Mon approche a porté ses fruits, puisque je n’ai pas commis d’erreur ce week-end. J’ai juste léché le mur en essais libres. En revanche, je n’ai pas réussi le tour chronométré que je souhaitais en qualifications. Nous étions 14e sur la grille de départ de la Course Principale grâce au forfait de Jaime Camara – c’est désolant pour lui, cela ne fait plaisir à personne qu’un pilote ne puisse pas prendre le départ à cause d’une blessure. 

 

J’ai pris un très bon départ, j’ai gagné quatre places au premier tour. Mon ingénieur et moi avions choisi la stratégie supertendre/tendre, qui s’est avérée payante. J’étais bien plus rapide que Roberto Merhi devant moi, mais après quelques attaques infructueuses, nous avons décidé de rester derrière lui sans mettre trop de pression pour qu’il conserve un bon rythme : nous étions en pneus neufs et voulions faire l’undercut à nos rivaux directs. Avec succès, même si la voiture de sécurité a joué en notre faveur.

Dans une moindre mesure toutefois : cette année, il faut respecter le delta de la VSC jusqu’à avoir passé à deux reprises la ligne de Safety Car 1. C’est une bonne règle, cela évite que la course soit trop influencée par un incident. Par conséquent, nous n’avions pas rattrapé le peloton lorsque le drapeau vert a été agité. Ce dont nous avons vraiment profité, ce sont toutes les erreurs commises par les autres pilotes, comme les leaders Alexander Albon et Nyck de Vries qui se sont accrochés. Nous avons fait une course rapide et propre pour finir quatrième. Avec un peu de réussite, certes, mais c’est mérité après toute la malchance du début de saison ! 
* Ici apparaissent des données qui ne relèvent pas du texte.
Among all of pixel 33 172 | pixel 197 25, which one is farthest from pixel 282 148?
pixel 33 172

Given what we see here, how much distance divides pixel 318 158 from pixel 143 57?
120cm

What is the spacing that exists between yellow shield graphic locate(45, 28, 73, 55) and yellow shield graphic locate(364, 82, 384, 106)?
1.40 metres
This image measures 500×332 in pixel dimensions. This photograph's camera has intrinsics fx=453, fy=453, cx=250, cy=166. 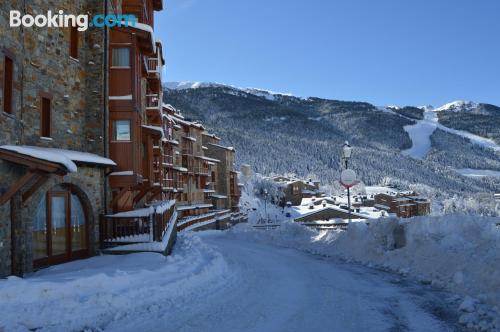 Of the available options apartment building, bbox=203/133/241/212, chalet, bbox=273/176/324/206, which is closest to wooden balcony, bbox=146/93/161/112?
apartment building, bbox=203/133/241/212

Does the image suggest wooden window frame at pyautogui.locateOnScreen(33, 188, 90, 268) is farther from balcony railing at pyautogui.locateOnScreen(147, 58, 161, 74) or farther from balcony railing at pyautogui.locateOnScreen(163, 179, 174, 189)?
balcony railing at pyautogui.locateOnScreen(163, 179, 174, 189)

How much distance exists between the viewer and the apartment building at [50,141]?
12.2 m

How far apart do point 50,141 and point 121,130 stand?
12.8ft

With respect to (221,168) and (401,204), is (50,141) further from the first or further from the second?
(401,204)

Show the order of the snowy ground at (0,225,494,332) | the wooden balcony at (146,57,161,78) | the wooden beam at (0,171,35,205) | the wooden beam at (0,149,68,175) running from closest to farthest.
Answer: the snowy ground at (0,225,494,332) < the wooden beam at (0,171,35,205) < the wooden beam at (0,149,68,175) < the wooden balcony at (146,57,161,78)

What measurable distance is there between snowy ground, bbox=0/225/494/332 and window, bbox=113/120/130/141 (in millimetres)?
6201

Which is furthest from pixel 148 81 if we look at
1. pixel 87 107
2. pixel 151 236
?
pixel 151 236

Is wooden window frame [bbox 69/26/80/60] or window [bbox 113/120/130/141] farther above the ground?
wooden window frame [bbox 69/26/80/60]

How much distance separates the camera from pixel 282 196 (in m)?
142

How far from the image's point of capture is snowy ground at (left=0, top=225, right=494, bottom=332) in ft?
27.2

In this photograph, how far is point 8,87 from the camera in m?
12.7

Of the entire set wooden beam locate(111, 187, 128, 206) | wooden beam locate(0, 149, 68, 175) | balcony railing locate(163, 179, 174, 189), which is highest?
balcony railing locate(163, 179, 174, 189)

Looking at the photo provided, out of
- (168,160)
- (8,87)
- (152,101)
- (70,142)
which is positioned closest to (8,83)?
(8,87)

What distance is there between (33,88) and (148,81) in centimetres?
1547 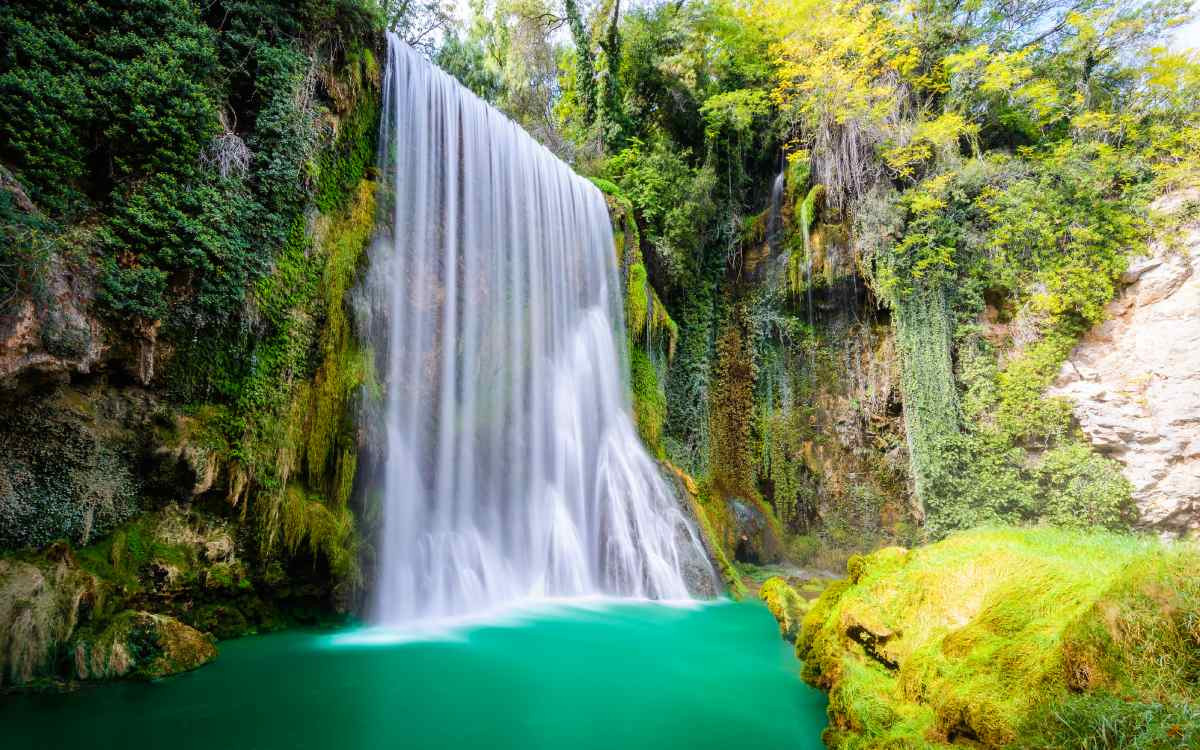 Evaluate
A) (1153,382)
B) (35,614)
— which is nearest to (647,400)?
(35,614)

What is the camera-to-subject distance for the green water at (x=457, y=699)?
3.78 metres

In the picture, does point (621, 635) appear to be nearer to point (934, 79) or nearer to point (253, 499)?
point (253, 499)

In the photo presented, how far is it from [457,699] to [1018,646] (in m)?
3.96

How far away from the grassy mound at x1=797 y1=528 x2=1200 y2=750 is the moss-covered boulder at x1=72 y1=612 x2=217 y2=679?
5416 mm

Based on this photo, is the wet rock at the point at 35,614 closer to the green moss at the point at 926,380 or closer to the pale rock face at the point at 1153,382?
the green moss at the point at 926,380

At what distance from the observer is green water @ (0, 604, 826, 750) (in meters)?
3.78

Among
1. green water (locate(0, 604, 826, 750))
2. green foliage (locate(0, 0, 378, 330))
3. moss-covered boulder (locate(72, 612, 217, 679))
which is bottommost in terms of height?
green water (locate(0, 604, 826, 750))

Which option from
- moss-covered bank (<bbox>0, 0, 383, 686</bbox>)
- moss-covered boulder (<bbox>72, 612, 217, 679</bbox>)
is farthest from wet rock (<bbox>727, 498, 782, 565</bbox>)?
moss-covered boulder (<bbox>72, 612, 217, 679</bbox>)

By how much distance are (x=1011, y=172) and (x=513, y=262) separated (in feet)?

La Course Sprint a été la plus dure de ma vie. J’étais cinquième sur la grille, j’ai pris un départ correct sans gagner de place, mais Jack Aitken s’est retrouvé au ralenti dans la montée qui suit Sainte-Dévote, victime d’un problème d’accélérateur. Arjun Maini n’est pas parvenu à le doubler, j’ai décelé une opportunité : je leur ai fait l’extérieur au virage du Casino ! J’étais donc troisième. 

 

Au huitième tour, j’ai perdu tout l’électronique de ma voiture. Ma radio fonctionnait, mais je n’avais plus d’informations sur l’écran du volant. Impossible de savoir quelle vitesse était enclenchée ! Pire encore, cinq tours plus tard, les changements de rapport ont commencé à poser problème. À la sortie du Tunnel, où l’on rétrograde de la sixième à la première pour aborder la Chicane, je devais appuyer au moins 30 fois sur la palette. La plupart du temps, en arrivant dans un virage, je ne parvenais pas à rétrograder au freinage et n’avais donc pas de frein moteur ; je me retrouvais en troisième ou en quatrième vitesse à l’accélération, et ça n’a fait qu’empirer. J’ai donc oublié Lando Norris devant moi et je me suis concentré sur le fait de défendre, car c’est extrêmement difficile de piloter ainsi à Monaco. J’ai même tenté d’éteindre et de rallumer la voiture en ligne droite, ça n’a absolument rien changé. Heureusement que c’est arrivé ici, car sur un autre circuit, je n’aurais pas pu me défendre !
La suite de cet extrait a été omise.